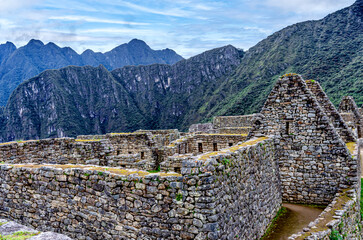 Machu Picchu is Inca citadel located in the Eastern Cordillera of southern Peru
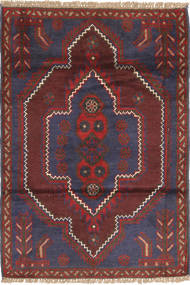  Baluch Rug 83X130 Authentic
 Oriental Handknotted Black/Dark Brown (Wool, Afghanistan)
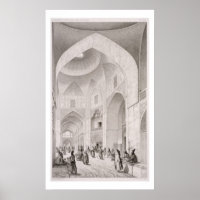 Marché aux tissus, à Ispahan, de 'Voyage Pittoresq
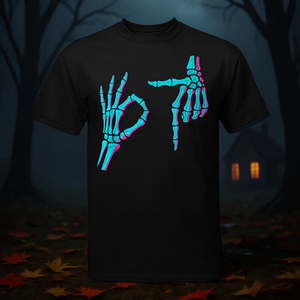 Camiseta Skeleton Hand 67 Meme para disfraz de Halloween, color negro, talla mediana - Product Image 3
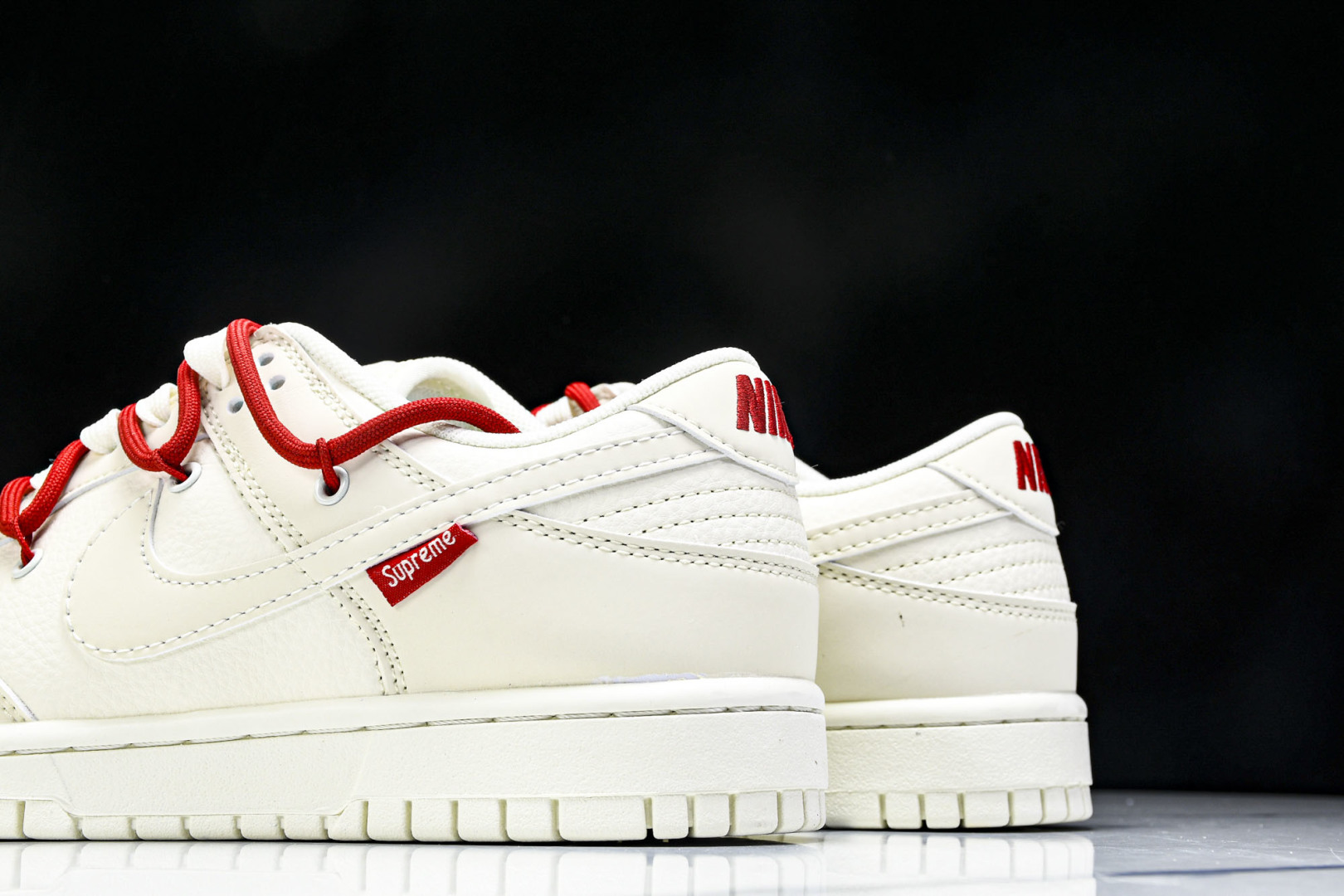  Nike SB Dunk Low Sup联名 白红绑带 周年高端定制 低帮休闲板鞋 DM6868-08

★ ★ ★ ★

> [Task description] Leave images out of the retyped records; keep all else exact.

> [Answer area]
 Machu Picchu is Inca citadel located in the Eastern Cordillera of southern Peru
  Baluch Rug 83X130 Authentic
 Oriental Handknotted Black/Dark Brown (Wool, Afghanistan)
 Marché aux tissus, à Ispahan, de 'Voyage Pittoresq
 Camiseta Skeleton Hand 67 Meme para disfraz de Halloween, color negro, talla mediana - Product Image 3
  Nike SB Dunk Low Sup联名 白红绑带 周年高端定制 低帮休闲板鞋 DM6868-08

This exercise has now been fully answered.